Groupement Foncier Viticole (GFV) : définition, fonctionnement et fiscalité

Groupement Foncier Viticole (GFV) : définition, fonctionnement et fiscalité

Né d’une loi de 1970 pensée pour préserver l’unité des terres agricoles françaises, le GFV est devenu un instrument patrimonial discret, prisé de ceux qui veulent lier leur nom à un terroir tout en confiant la conduite du domaine à des mains expertes. Pour qui s’intéresse à la propriété viticole, comprendre ce mécanisme éclaire l’une des voies d’accès à la vigne, et permet de mieux mesurer ce qui distingue la détention de parts de l’acquisition d’un domaine tout entier.

En Bref
  • Le groupement foncier viticole (GFV) est une société civile qui détient des terres viticoles et en confie l’exploitation à un vigneron par un bail à long terme.
  • L’associé devient propriétaire de parts du foncier, perçoit un loyer (le fermage) et reçoit parfois une part en nature, sous forme de bouteilles ou de conditions d’achat privilégiées.
  • La fiscalité du GFV repose sur trois piliers en 2026 : réduction d’impôt sur le revenu sous conditions, exonération partielle d’IFI et abattement sur la transmission.
  • Le rendement locatif reste mesuré, de l’ordre de 1,5 à 3,5 % par an, complété par une éventuelle revalorisation du foncier.
  • Le GFV offre une exposition à la vigne sans les contraintes de gestion, là où l’achat d’un domaine en direct procure la pleine propriété d’un bien d’exception.

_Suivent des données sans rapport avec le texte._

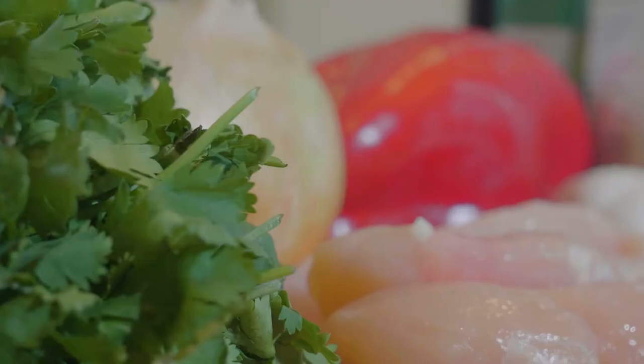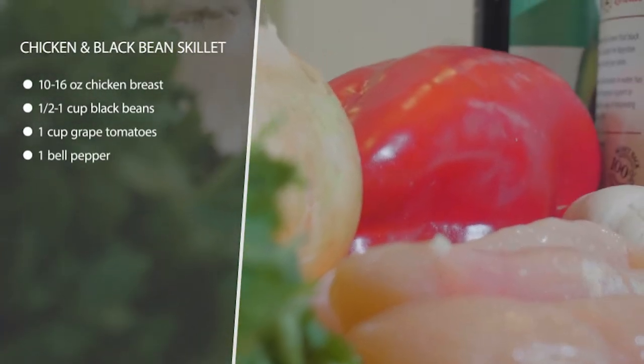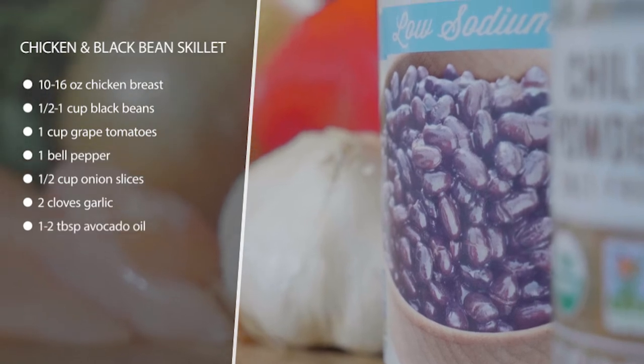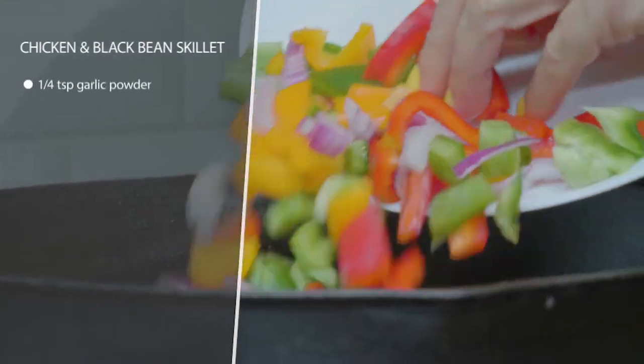This is a chicken and black bean skillet, so it's all in one pan. Get a cast iron pan if you can — it will make this taste so good. Heat up some avocado oil in the pan and first sauté the bell pepper, onions, and spices.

Qu’est-ce qu’un groupement foncier viticole ?

Un groupement foncier viticole est une société civile dont l’objet est de détenir un patrimoine foncier viticole : des parcelles de vigne, parfois les bâtiments et la marque d’un domaine. Il a été institué par la loi du 31 décembre 1970 sur les groupements fonciers agricoles, dont il constitue la déclinaison consacrée au vin. Son cadre figure aux articles L322-1 à L322-23 du Code rural et de la pêche maritime, qui lui assignent un objet exclusivement foncier.

Le principe est limpide. Plusieurs associés réunissent leurs capitaux pour acquérir des terres, puis en délèguent la culture. Les statuts du groupement lui interdisent d’exploiter directement la vigne : le GFV est propriétaire du sol, jamais vigneron. Cette séparation entre la propriété et le travail de la terre est au fondement même du dispositif, et conditionne ses avantages fiscaux.

Investir dans un GFV revient donc à détenir une fraction d’un vignoble en appellation, sans en assumer ni la conduite agronomique, ni la commercialisation. On devient porteur d’un morceau de terroir, pas exploitant. En Bordelais, ces groupements touchent parfois des appellations de premier rang, de Margaux à Pauillac, de Pessac-Léognan à Saint-Émilion, même si l’offre demeure rare sur les noms les plus convoités.

Comment fonctionne un GFV ?

Trois acteurs animent un groupement foncier viticole.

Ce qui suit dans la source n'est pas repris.